Image-text web data:

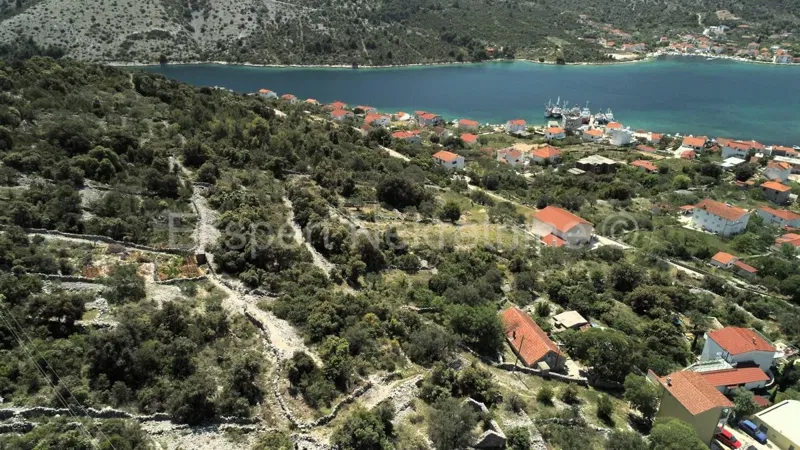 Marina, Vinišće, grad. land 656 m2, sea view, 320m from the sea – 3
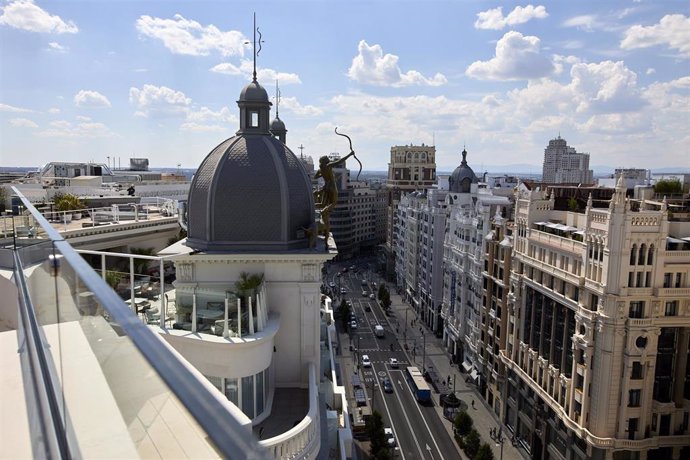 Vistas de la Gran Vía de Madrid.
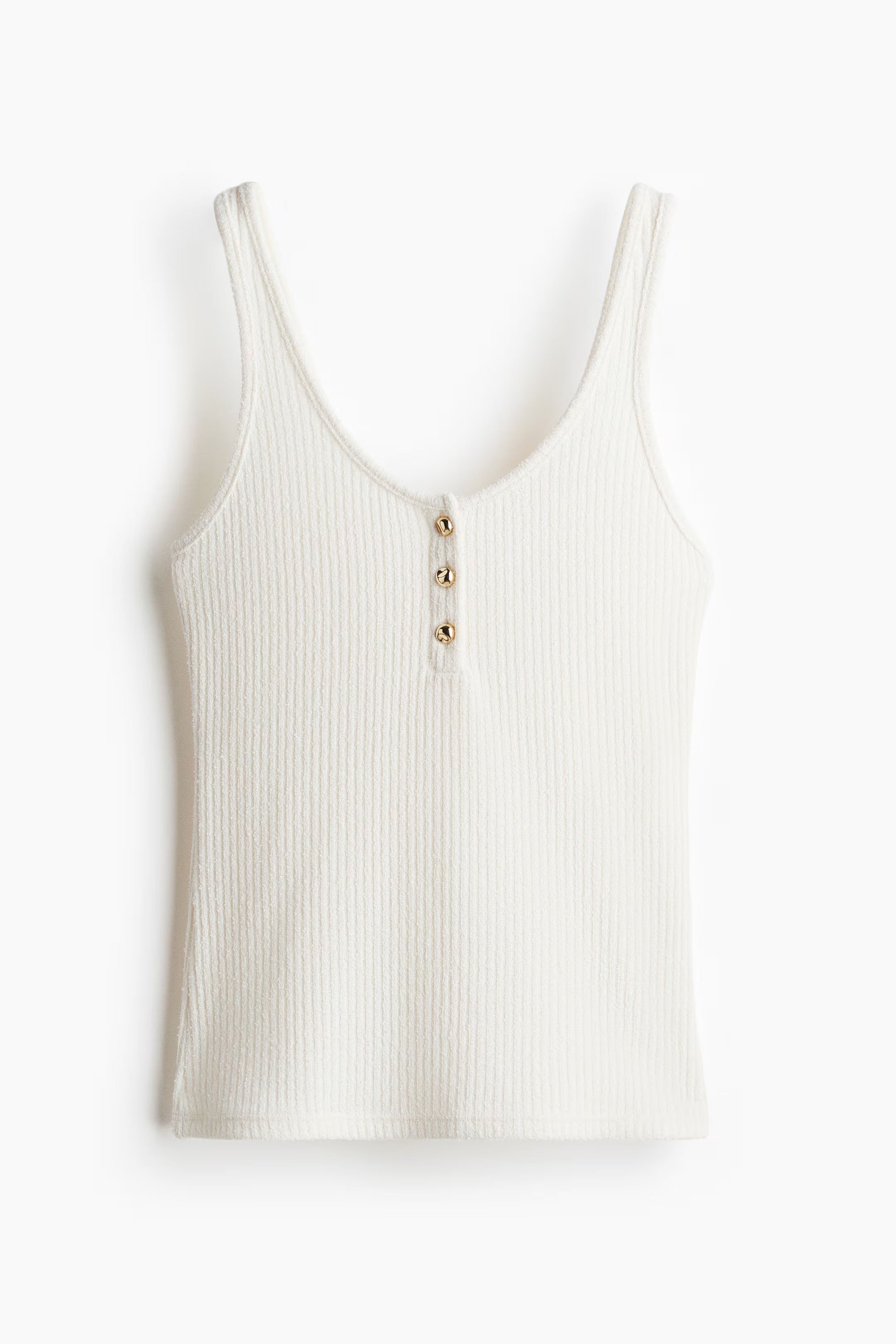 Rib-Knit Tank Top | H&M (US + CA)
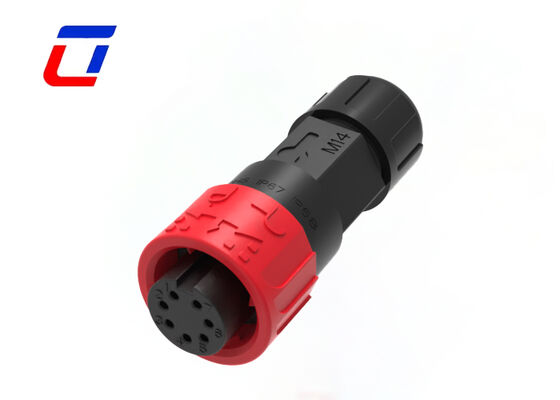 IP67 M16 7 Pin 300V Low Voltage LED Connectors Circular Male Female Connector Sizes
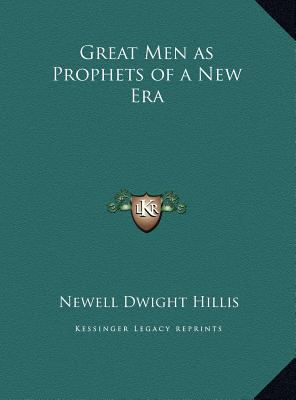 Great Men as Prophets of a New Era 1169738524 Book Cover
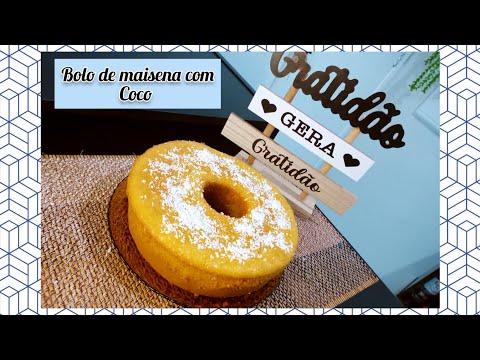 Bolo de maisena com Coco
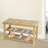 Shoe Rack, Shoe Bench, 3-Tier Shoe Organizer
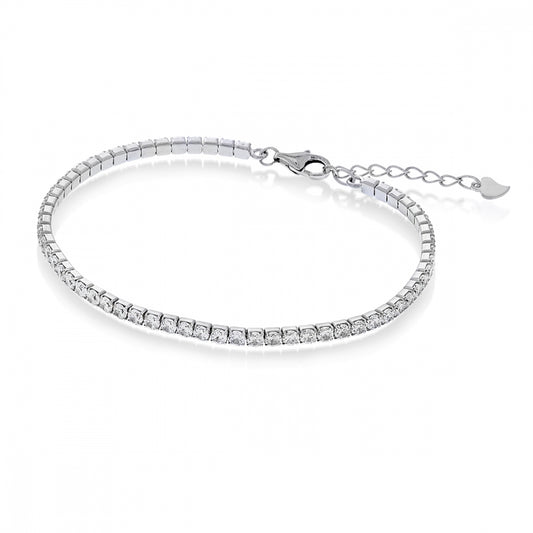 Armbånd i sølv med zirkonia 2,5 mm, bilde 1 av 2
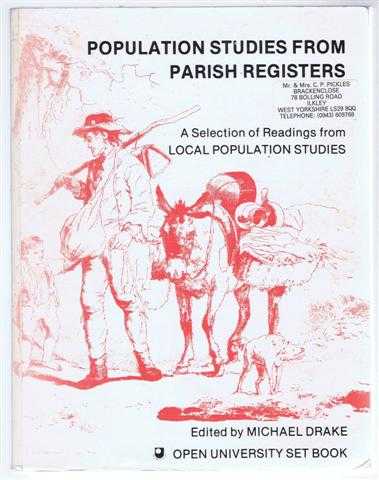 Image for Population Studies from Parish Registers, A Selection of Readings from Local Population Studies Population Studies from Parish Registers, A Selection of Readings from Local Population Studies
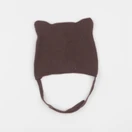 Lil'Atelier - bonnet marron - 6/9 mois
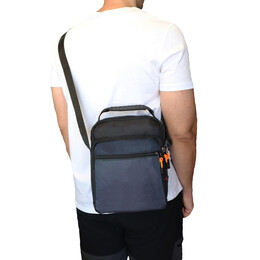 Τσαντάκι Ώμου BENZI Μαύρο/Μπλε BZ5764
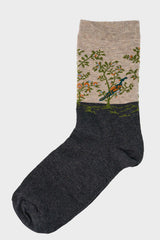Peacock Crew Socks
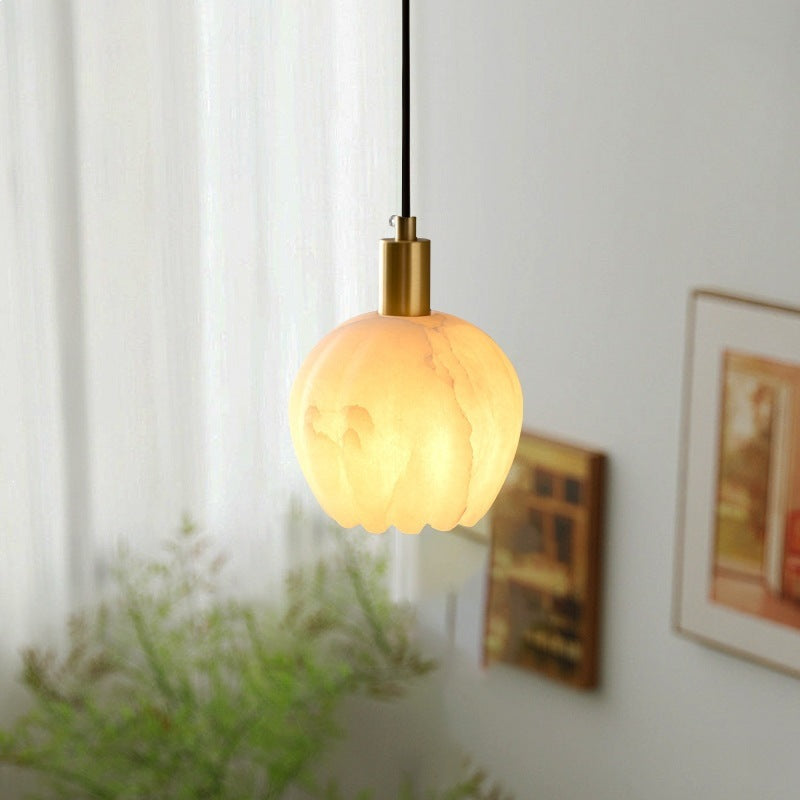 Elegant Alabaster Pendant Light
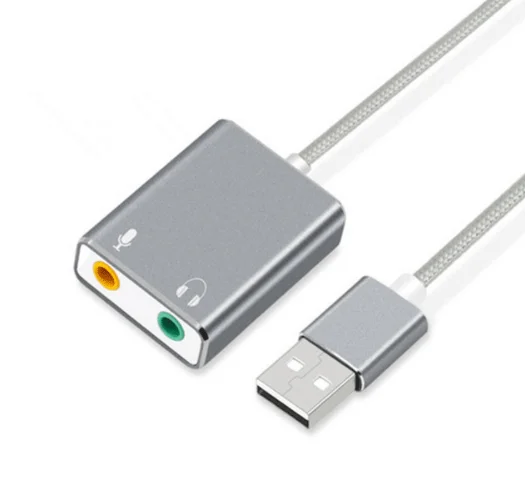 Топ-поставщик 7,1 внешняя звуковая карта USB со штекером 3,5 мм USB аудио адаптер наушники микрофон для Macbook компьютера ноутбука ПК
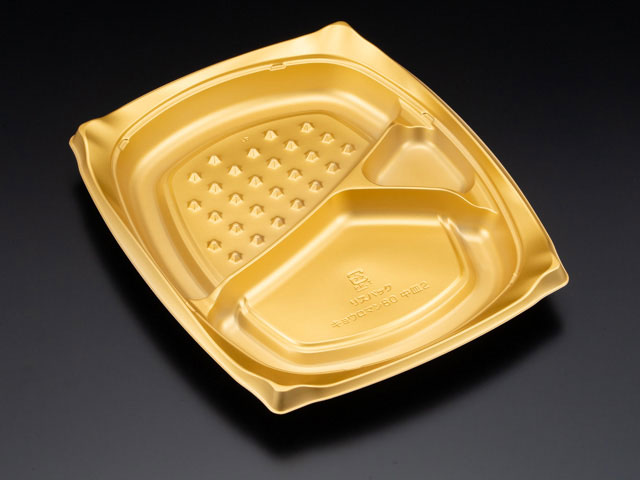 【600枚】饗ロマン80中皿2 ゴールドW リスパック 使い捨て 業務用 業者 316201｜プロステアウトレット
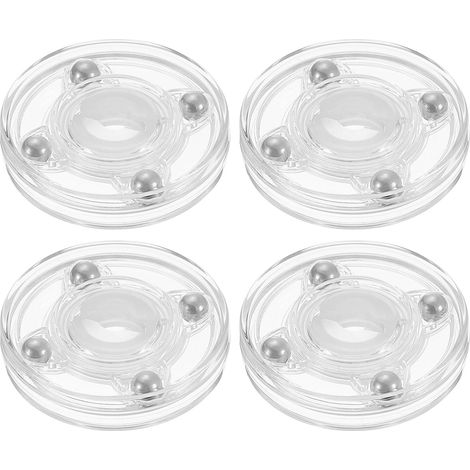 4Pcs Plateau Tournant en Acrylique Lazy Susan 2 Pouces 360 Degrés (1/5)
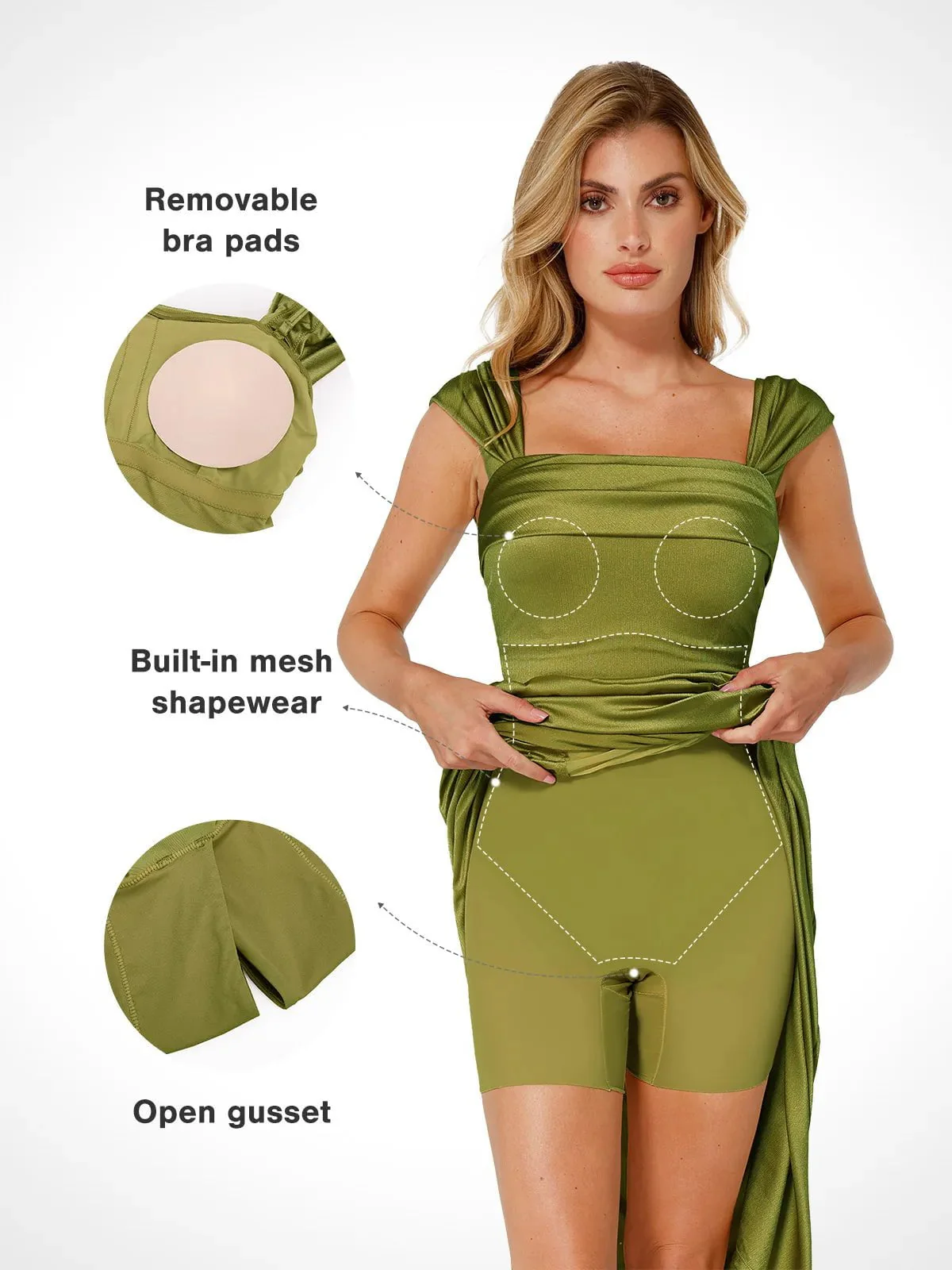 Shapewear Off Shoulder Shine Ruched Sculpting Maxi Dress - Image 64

EXERCISE
Go back to the lines above and output, exactly as they stand, the ones from the line containing "Vistas de la Gran Vía de Madrid." to the line containing "Armbånd i sølv". Leave all pictures behind.

REPLY TO THE TASK
 Vistas de la Gran Vía de Madrid.
 Rib-Knit Tank Top | H&M (US + CA)
 IP67 M16 7 Pin 300V Low Voltage LED Connectors Circular Male Female Connector Sizes
 Great Men as Prophets of a New Era 1169738524 Book Cover
 Bolo de maisena com Coco
 Shoe Rack, Shoe Bench, 3-Tier Shoe Organizer
 Armbånd i sølv med zirkonia 2,5 mm, bilde 1 av 2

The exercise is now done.